AIM OF THE EXERCISE:
Repeat the records below exactly from the line containing "Red Sea Global’s" to the line containing "Photo of Outdoor in Kayu Putih", taking in both of those lines. Drop the pictures.

EXERCISE INPUT:
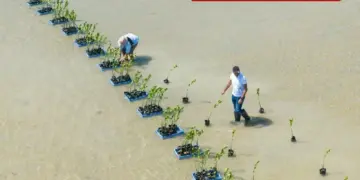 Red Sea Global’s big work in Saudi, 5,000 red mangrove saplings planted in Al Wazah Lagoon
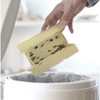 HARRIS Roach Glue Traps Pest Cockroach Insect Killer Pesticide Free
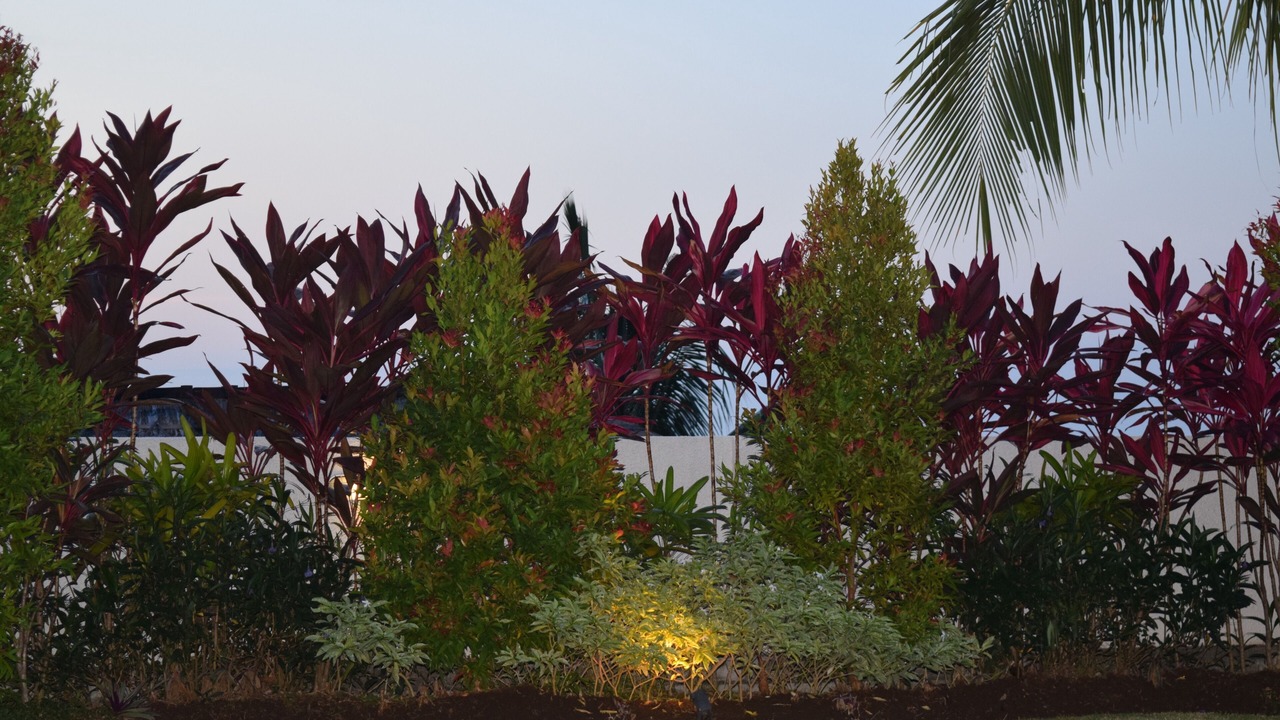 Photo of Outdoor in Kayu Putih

--

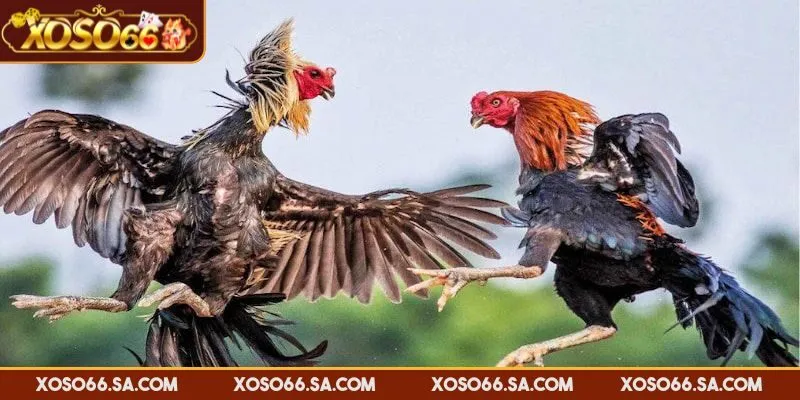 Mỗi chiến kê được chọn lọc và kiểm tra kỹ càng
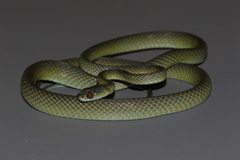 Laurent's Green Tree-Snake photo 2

REPLY:
 Red Sea Global’s big work in Saudi, 5,000 red mangrove saplings planted in Al Wazah Lagoon
 HARRIS Roach Glue Traps Pest Cockroach Insect Killer Pesticide Free
 Photo of Outdoor in Kayu Putih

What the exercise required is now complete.